I then took the huge step of moving into my own flat. I was feeling uncomfortable at home. I wanted to be able to do spontaneous things with my friends but I was expected to return straight home from work every night. Auntie was of the opinion that “nice girls” had no reason stay out after 10pm. Perhaps I just needed some independence. I found a flat in Bradford, went along to see it with an older cousin and plucked up the courage to tell Auntie. She was furious. She thought that she would never see me again. I promised her that that would not be the case and 24 hours later she relented and then gave me a number of lovely and useful items which set me up in my new home.

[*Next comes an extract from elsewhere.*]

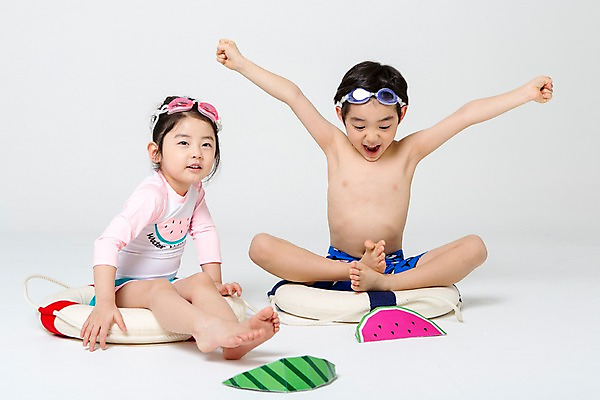 포토 JPG 스튜디오촬영 전신 여자 남자 어린이라이프 어린이 팔벌리기 수박 실내 앉기 두명 앞모습 여름 한국인 즐거움 튜브 어린이만 국내포토 라이프스타일 계절 감정 뷰포인트 과일 모션 사람 동양인 내부 파일형식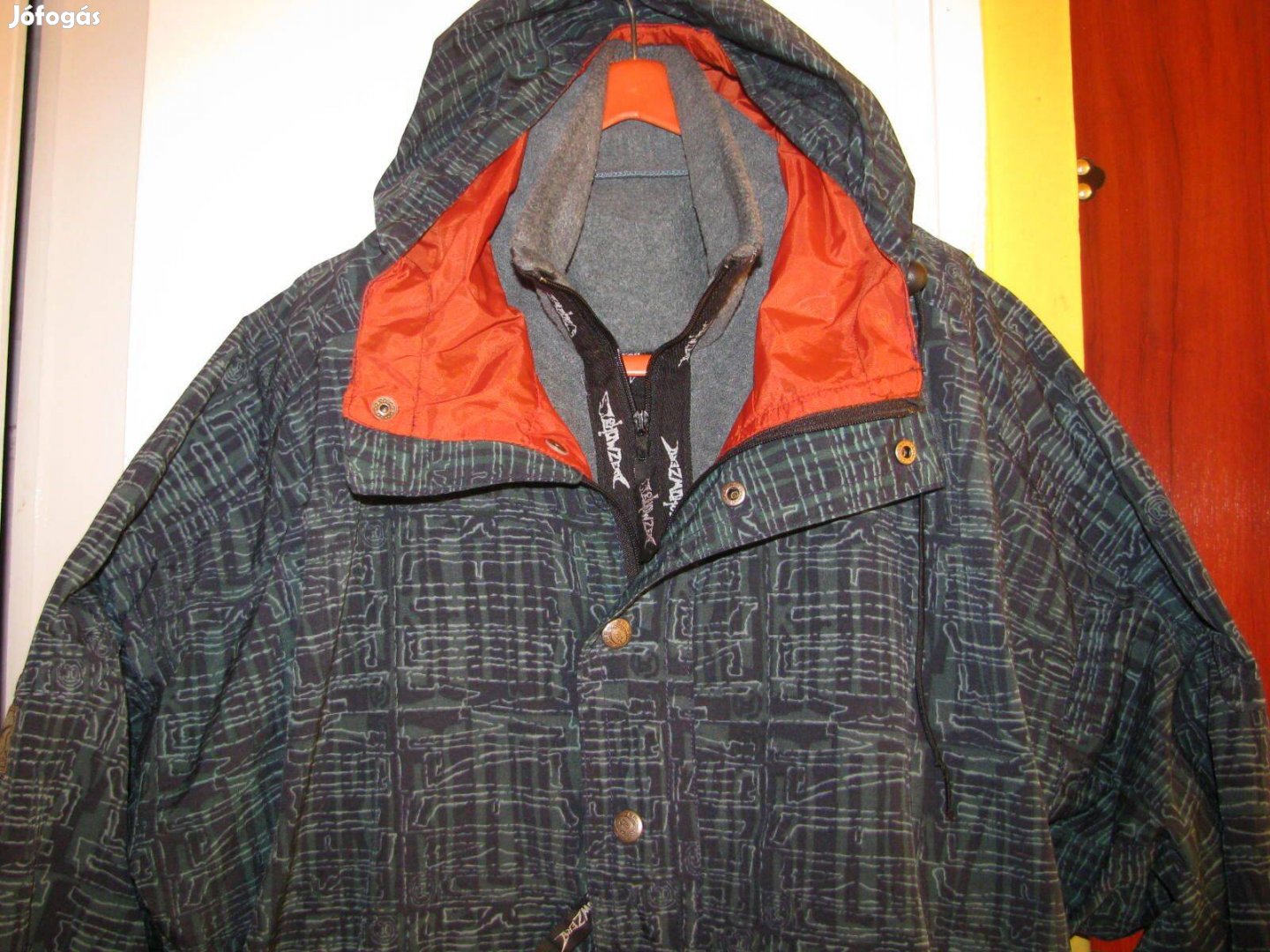 Férfi kabát, vízlepergetős, XL, átmeneti, sportkabát. derékbő.142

I had a groundfloor flat at the back of an enormous victorian villa on the outskirts of Bradford’s city centre. It was not far from where I had lived as a child. In fact, only the red light district divided us! I quickly moved in. The rent was £16 per month.

It was around this time that I was unceremoniously dumped by my boyfriend of just a few months. We were introduced by a mutual friend at work and over the course of the summer months he would pick me up in his car and we would go for a drive and usually listen to “Beyond Our Ken” or “I’m sorry I’ll read that again”. We didn’t meet up at work at lunchtime; I suppose we only saw each other once or twice a week. I remember we did go to see “Bonnie and Clyde” when it first came out and to one or two parties but it remained fairly low key. The end came when I invited him to my new flat and fed him the latest thing in instant catering – a Vesta Curry. As most of us had never tasted a real curry at this time, we thought this range, which you made from a dessicated state by boiling it in water, was the real deal. It definitely was not! You had to be there to appreciate just how dire this stuff was. Anyway, as he left, he said “I don’t think we should see each other any more”. I said “Oh, alright” and we parted company. I didn’t ask why.

So then I was bridesmaid for the other friend who had come with Françoise and I to Scotland. It was a lovely day and Auntie came too. Which just reminds me that I had already been a bridesmaid for another friend who was married in late 1966. I was surrounded by weddings and still no-one in sight for me!

I applied for the post of the Children’s Librarian of Halifax. I had flourished under the mentorship of Vera Jacques, the innovative Children’s Librarian of Bradford. My library qualification was going well, if slowly. It was a day-release course paid for by my employer and took around 5 years to complete. I was successful and started in the autum of 1968. I also made my final appearance with Bingley Amateurs in the chorus of “Die Fledermaus” (The Bat) a Strauss operetta.

The end of the year was approaching and I was rehearsing with colleagues from my previous job ready to sing at the Christmas party. The friend who had introduced me to my previous boyfriend now invited me to go on a double date with her. She had met a group of students from the university (not sure how). She and another friend had gone out with them but it hadn’t worked out for the other couple. My singing friends gave me a lift to the flat where these students – 3 of them from Bradford University.

Children! I was about meet your father. He came down the stairs and I thought “I always end up with the short, round one”. For some reason, the three of them all lived in their own rooms and there was no socialising in the living room. I sat in his room while he prepared a meal of pork chop, peas and mashed potato. We talked for hours until I insisted on being taken home. His friend, a young man from Iran, had a Ford Capri! Richard asked to see me again…..

And to quote Charlotte Brontë “Reader, I married him”!